The majority of Cynorkis species the most dominant herbaceous orchid genus in the Central Highland inselbergs of Madagascar [17]—are found in soil which is either moist or wet for at least part of the year [14]. Climate change, illegal collecting, and other anthropogenic pressures will continue to undermine orchid population resilience in the coming decades in the island nation. Detailed studies are required to understand the similarities and differences between these orchids and how they adapt to different ecological conditions. This will help develop pragmatic conservation policies underpinned by symbiotic technology and soil data for effective reintroduction/reinforcement to augment populations vulnerable to decline.

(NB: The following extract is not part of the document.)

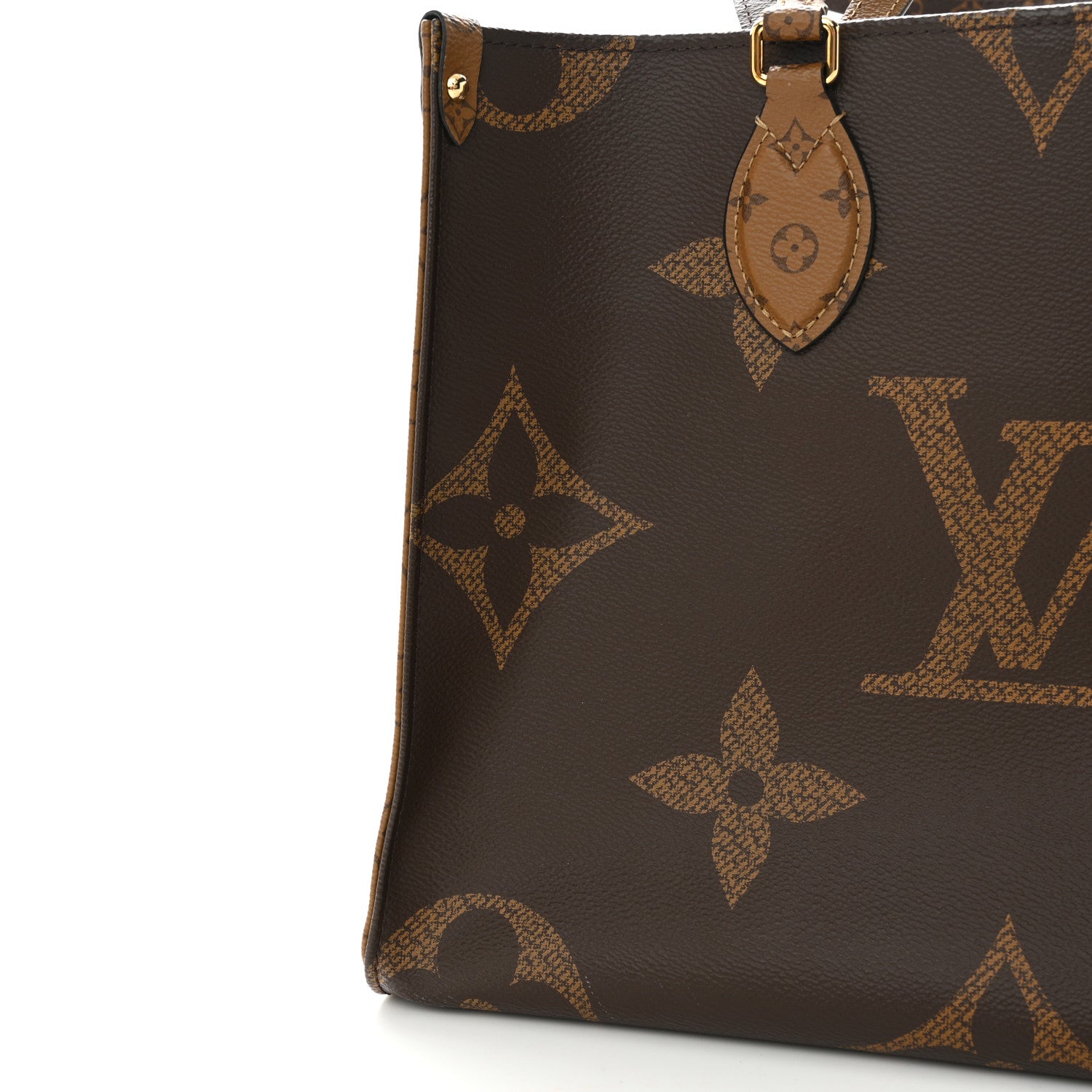 Louis Vuitton Reverse Monogram Giant Onthego MM 13 of 13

Our results advocate the need to introduce Cynorkis seedlings to primarily wet habitats, beginning with an explorative study to assess seedling establishment and survival. Considering that members of this genus appear to be short-lived (ephemeral) compared to other terrestrial orchids, establishing self-sustaining populations capable of anthesis and seedling recruitment from these plants is another conservation priority.